Мы тронулись, незаметно сплетя пальцы. Их у человека пять, а ведь даже одного достаточно, чтобы почувствовать взаимную близость.
Проходя мимо бани мы увидели, как Васек вышел из прачечной с горячим закопченным котелком, поставил его на траву, подул себе на пальцы, сказал татарину-пильщику: «Беру на минутку», – взял топор и заковылял прочь.

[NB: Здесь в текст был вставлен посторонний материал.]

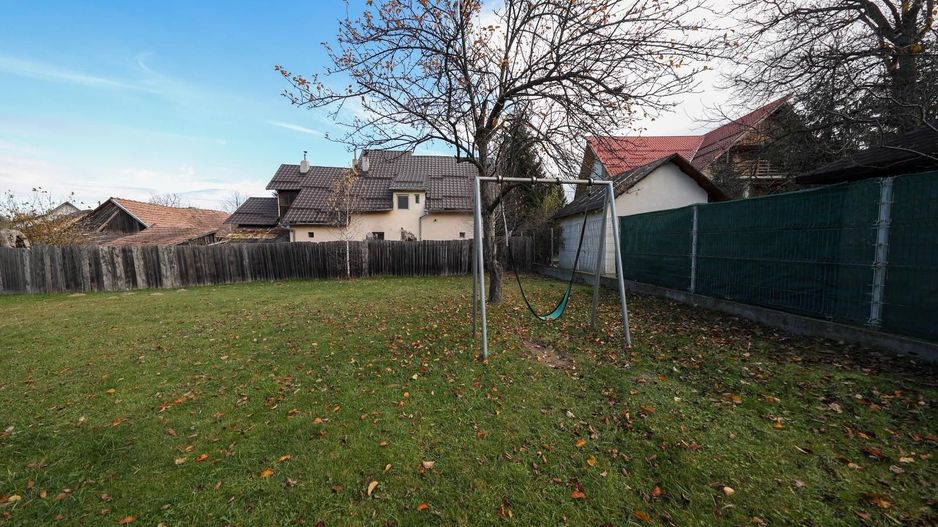 Vilă spațioasă de vânzare în Predeluț, Bran | 2000mp - Poză 48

Мы уже прошли дальше, но я оглянулся, ведь я сидел в лагере уже не первый год. Васек не спеша подошел к растянувшемуся поддеревом Бобу, перевел дух, быстро размахнулся и ударил спящего по голове. Тот не крикнул, только сильно дернул ногами.
– Ну, что же вы остановились? Что опять случилось? – ласково прошептала Анечка у моего плеча – она ничего не заметила.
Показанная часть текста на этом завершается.